Isn't the moral of the story, "Check your backups"? There was a defective fan in...

olefoo · on June 18, 2012

Having been affected several times by colocation facilities bouncing the power during a test of the failover system, I can tell you that such tests are not without risk. Yes, you should test redundant systems, but how often, at what cost, and what risks are you willing to run while doing so.

It's a fact of life that when dealing with complex, tightly coupled systems with multiple interactions between subsystems that you will routinely see accidents caused by improbable combinations of failures.

spartango · on June 18, 2012

I wonder if it's better to create an accidental outage during a scheduled test, or to have an outage completely out of the blue. Obviously mitigation is tricky even during a scheduled test, but perhaps its plausible?

raverbashing · on June 18, 2012

Or do it with a non-production load

AWS could create some machines at a lower cost and lower availability, just something that if goes down doesn't affect you much, or one-off usages.

I'm not sure how migrating machines between nodes happens in S3 or if it's easy to do it (maybe with some downtime)

dkulchenko · on June 18, 2012

With a scheduled test, you have the benefit of having the main power actually working if the backup being tested comes crashing down; seems to me that mitigation would be much quicker in a scheduled test than in a real outage.

excuse-me · on June 18, 2012

But would you rather risk a once in 10years real power failure testing your backups, or would pull the plug once per year to test it yourself?

richardw · on June 18, 2012

I suspect a monthly test - if communicated to customers as well - would drive better customer behaviour, e.g. multi-AZ usage, automated validation of EBS, adding extra machines in another AZ automatically. Maybe start with one or two AZ's with an opt-in from customers.
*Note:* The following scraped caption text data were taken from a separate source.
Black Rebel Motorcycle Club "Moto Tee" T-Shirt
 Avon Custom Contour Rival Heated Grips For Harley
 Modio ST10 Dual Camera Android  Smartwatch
It's the same as advice to routinely replace your live data from backups. It's not a real backup until you've tested that you can recover from it.

excuse-me · on June 18, 2012

It's an interesting and well studied area of statistics for medical tests.

eg. If you have a test that is 99% accurate and a treatment that harms 1% of the patients and you do this screening of a million people - how common does the disease have to be before you cure more people than you kill ?

gameshot911 · on June 18, 2012

I agree, it sounds like this could have been discovered had the two backup power systems been properly tested.

Note how in the case of backup power, "properly tested" doesn't mean 'Does the generator turn on? Are we getting electricity from it? Ok, pass!'. It means running the backup generator in a way that is consistent with what you would expect in an actual power failure - i.e., for more than just a few minutes.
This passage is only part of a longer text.